Reference data has long been a necessary expense for financial firms, accounting for up to 30% of total market data spend. Yet, it remains one of the least optimized budget areas, often escaping scrutiny until an invoice flags unexpected costs.

As commercial models become more complex and data usage grows, a reactive approach to managing these costs is no longer sustainable.

That was the core message of a recent webinar, where Amjad Zoghbi, Head of Solutions Engineering, and Trip Wadleigh, Global Head of Relationship Management, shed light on the hidden inefficiencies in reference data management. More importantly, they outlined top ways firms can move from invoice-based cost control to a proactive, technology-driven approach that drives both financial savings and operational efficiency

  • Select the right commercial model
  • Uncover stealth costs in data attributes
  • Hunt down and shut down open data taps
  • Stop paying for the same data twice
  • Ensure hidden risk doesn’t lead to inflated costs 

WATCH NOW: Webinar Recording - Mastering Reference Data Management (under 30 minutes)

Breaking the cycle of reactive cost management by exposing hidden cost drivers 

Reference data costs are notoriously difficult to track. Unlike exchange or real-time feeds, these expenses don’t always present themselves in an obvious way. Instead, they are buried within vendor agreements, hidden in attribute-level fees or quietly accumulating in test environments. 

“It’s not controversial to say that things are not getting simpler, or cheaper,” Amjad noted. “Prices have increased, models have grown more complicated and compliance aspects have intensified.” 

With annual reference data costs reaching tens of millions for some firms, even minor inefficiencies quickly add up – sometimes accounting for as much as 25% in wasted spend. 

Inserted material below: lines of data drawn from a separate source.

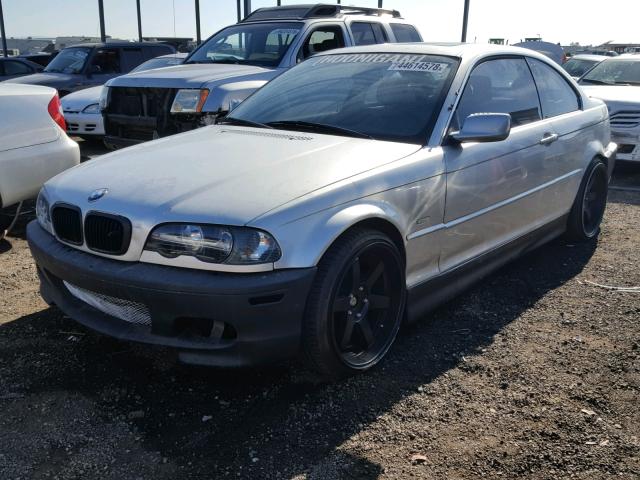 WBABM3343YJN84989 - 2000 BMW 323 CI SILVER photo 2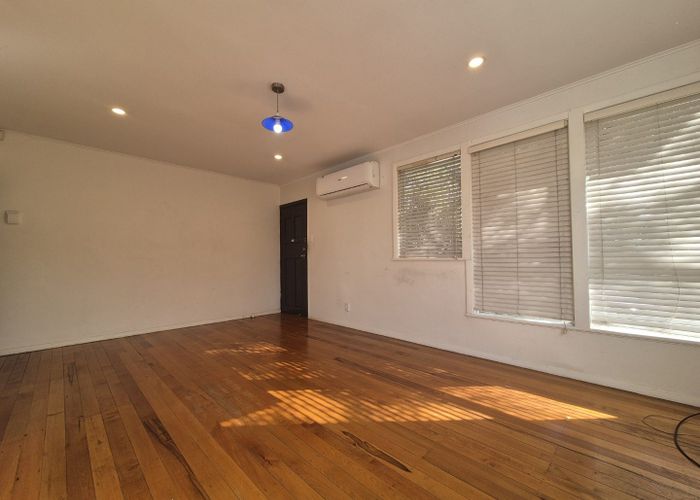  at 194 Pilkington Road, Point England, Auckland City, Auckland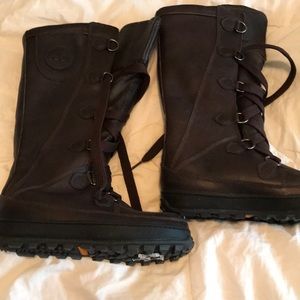 Timberland shearling leather boots size 8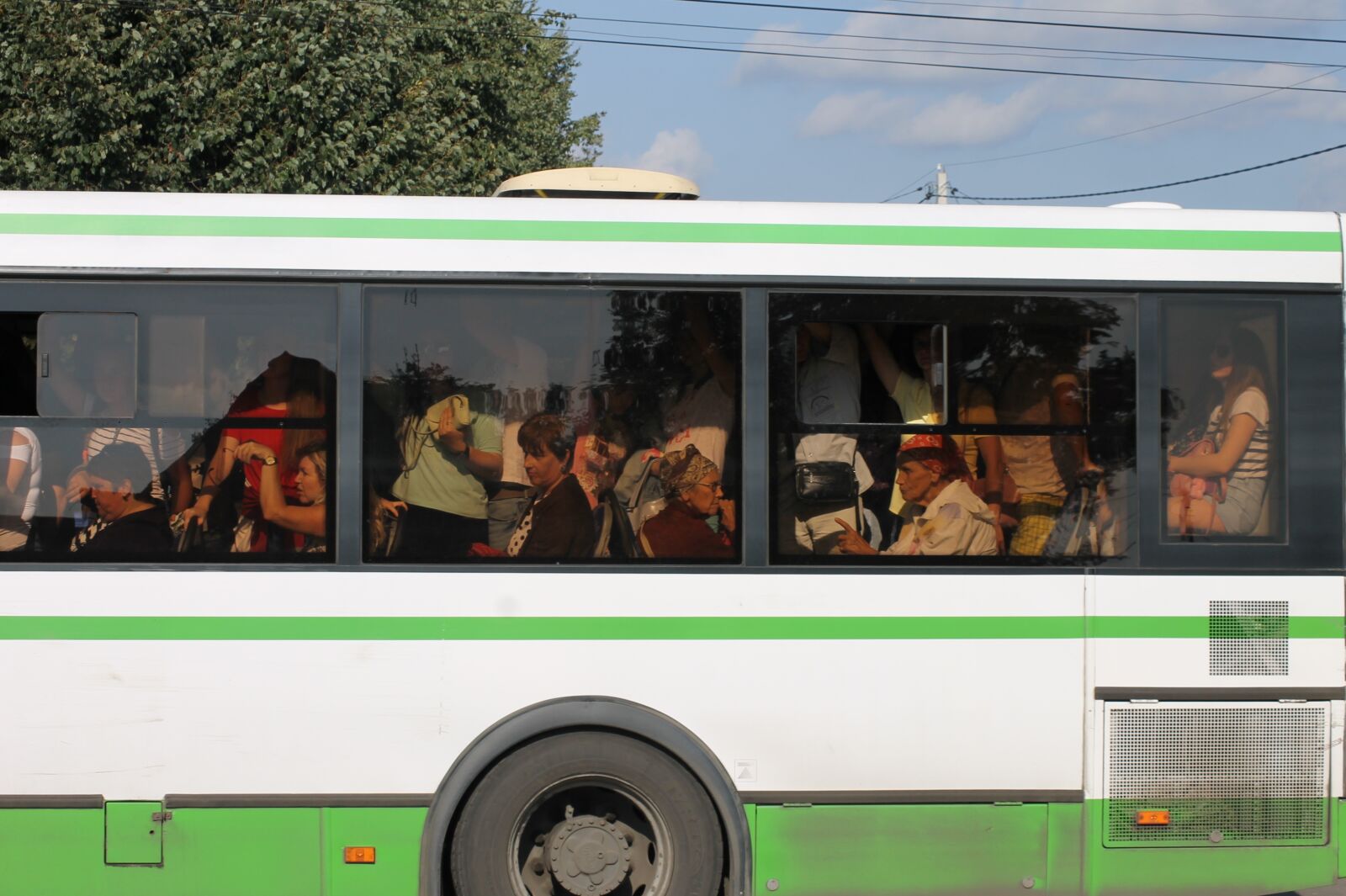 Canon EOS 1100D (EOS Rebel T3 / EOS Kiss X50) sample photo. Bus, passengers, filled with photography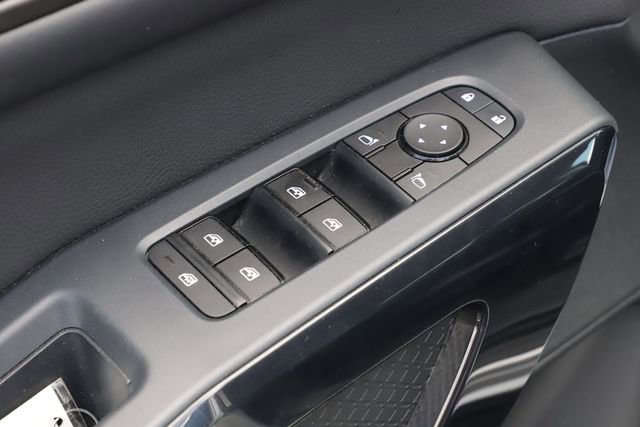 Used 2025 Nissan Pathfinder SV AWD/4WD image 17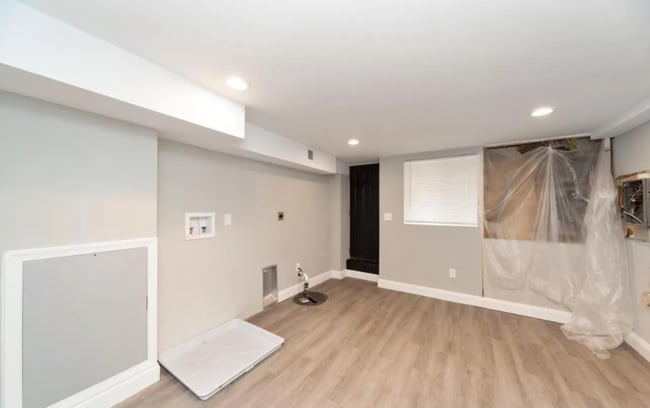 Building Photo - 41 N Linwood Ave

Yet, many firms remain stuck in a reactive cycle, only addressing issues when invoices arrive – often too late to prevent unnecessary costs. Without real-time oversight, hidden inefficiencies go unnoticed, compliance risks build up and spending continues to spiral.

“Most of the time, clients manage reference data passively, waiting for the invoice at the end of the month and reacting to it,” said Amjad. “Invoices alone don’t tell you the full story. By the time a firm realizes there’s a problem, it’s already too late,” added Trip.

The solution? Shifting from passive invoice reconciliation to proactive, real-time control and governance. “Proactive, granular approaches drive cost optimizations far beyond simply reacting to invoices,” said Amjad. 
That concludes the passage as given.